Bei 2987 Meter, also "NUR" 130 Meter unter den Joch/Übergang habe ich dann "verweigert". Mein Bruder ging noch etwa 20 30 Höhenmeter weiter, als er aber bis weit über die Knie im Schnee einsank, bei dem dort üblichen Glimmerschieferuntergrund und der echt beachtlichen Schräglage des Hanges, sind wir umgekehrt.
Aufgrund des nun tauenden Schnees blieb ich bei meiner "2 Füße und eine Hand" Haltung bis wir (ohne Sturz) das Ende der Schneezone erreichten.
Ab der Spitze des Hügels war es abwärts kein Problem mehr.

FAZIT:
Von Einheimischen haben wir uns sagen lassen, im Hochsommer sei dort kein Schnee mehr und das Queren somit einfacher.

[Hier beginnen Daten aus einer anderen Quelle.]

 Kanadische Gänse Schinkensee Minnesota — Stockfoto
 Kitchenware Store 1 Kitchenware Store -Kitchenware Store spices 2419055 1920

Aber mit Bike-FAHREN  ist ab dem Sattel Schluß, sowohl von der Steigung, als auch vom Untergrund (Brösel, Schutt, Geröll aus Glimmerschiefer, also völlig unzuverlässiger Grund).
Wer Kust hat wird sich ab 2700 Meter das Bike auf den Rücken schnallen und damit weiter gehen. Dürfte aber schon eine echte Herausforderung sein, in dem Gelände, mit Bike auf dem Rücken, die Balance zu halten.
Wir dürfen jedem nur raten, es vielleicht erst einmal OHNE Bike zu versuchen oder das Gerät am Fuße des Hügels, bzw. später auf 2700m, stehen , bzw. liegen zu lassen.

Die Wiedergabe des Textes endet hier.